Exercise description: Read the data below. Then repeat all of it exactly.

Information supplied:
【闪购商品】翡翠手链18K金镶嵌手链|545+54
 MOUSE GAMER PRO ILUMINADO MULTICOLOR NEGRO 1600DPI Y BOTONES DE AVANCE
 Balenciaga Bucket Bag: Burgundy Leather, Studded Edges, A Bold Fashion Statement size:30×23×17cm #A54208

Solution below:
【闪购商品】翡翠手链18K金镶嵌手链|545+54
 MOUSE GAMER PRO ILUMINADO MULTICOLOR NEGRO 1600DPI Y BOTONES DE AVANCE
 Balenciaga Bucket Bag: Burgundy Leather, Studded Edges, A Bold Fashion Statement size:30×23×17cm #A54208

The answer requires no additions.